= Exercise =
The number of lines below holding the string "Black" is the only answer wanted.

= Available records =
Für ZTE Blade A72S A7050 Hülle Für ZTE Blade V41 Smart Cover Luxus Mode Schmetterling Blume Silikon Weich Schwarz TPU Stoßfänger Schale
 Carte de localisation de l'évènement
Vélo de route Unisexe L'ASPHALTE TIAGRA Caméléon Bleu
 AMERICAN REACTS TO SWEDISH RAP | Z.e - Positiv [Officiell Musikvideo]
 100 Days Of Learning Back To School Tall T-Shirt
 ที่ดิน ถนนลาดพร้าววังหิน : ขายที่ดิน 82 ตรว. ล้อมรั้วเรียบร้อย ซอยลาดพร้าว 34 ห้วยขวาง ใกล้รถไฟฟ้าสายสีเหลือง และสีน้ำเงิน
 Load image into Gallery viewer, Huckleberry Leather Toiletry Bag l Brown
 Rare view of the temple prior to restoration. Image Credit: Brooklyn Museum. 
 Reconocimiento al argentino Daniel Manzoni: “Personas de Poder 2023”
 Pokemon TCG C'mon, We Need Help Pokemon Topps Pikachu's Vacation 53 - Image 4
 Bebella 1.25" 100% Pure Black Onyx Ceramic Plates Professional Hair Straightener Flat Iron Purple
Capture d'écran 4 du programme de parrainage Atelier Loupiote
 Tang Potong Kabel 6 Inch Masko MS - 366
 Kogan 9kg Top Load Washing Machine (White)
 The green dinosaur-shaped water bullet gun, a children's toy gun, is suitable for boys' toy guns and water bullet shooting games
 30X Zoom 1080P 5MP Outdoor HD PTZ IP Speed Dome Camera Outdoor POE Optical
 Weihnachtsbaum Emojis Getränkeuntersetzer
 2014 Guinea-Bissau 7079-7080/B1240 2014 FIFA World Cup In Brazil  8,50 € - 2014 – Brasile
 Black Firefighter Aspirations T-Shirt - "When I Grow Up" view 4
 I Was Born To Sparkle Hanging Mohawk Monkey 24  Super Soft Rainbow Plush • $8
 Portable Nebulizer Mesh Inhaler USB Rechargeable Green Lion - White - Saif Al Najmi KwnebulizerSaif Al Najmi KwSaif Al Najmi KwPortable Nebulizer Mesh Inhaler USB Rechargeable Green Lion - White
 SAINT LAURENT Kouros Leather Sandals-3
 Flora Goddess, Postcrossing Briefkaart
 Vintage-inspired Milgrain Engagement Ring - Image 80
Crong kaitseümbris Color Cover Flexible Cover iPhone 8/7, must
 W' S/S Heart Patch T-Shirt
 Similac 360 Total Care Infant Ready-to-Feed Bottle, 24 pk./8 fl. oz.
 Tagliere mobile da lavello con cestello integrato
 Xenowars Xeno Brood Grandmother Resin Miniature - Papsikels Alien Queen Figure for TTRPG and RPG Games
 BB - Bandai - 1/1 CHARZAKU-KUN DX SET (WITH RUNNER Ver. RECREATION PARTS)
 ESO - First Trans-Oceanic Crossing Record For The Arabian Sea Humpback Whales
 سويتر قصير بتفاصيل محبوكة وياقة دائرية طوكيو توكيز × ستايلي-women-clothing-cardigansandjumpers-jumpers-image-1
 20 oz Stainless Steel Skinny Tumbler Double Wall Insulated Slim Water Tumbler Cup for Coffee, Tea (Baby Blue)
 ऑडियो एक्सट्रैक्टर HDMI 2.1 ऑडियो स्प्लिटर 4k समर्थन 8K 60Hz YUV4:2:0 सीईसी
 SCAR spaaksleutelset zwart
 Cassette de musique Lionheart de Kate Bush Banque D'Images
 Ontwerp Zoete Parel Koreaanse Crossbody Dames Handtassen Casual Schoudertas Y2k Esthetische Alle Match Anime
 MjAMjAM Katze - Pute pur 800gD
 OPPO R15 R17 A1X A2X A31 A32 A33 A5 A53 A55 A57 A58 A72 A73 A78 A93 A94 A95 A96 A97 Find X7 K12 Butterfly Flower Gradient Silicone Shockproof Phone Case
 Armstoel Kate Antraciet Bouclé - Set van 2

= Written response =
2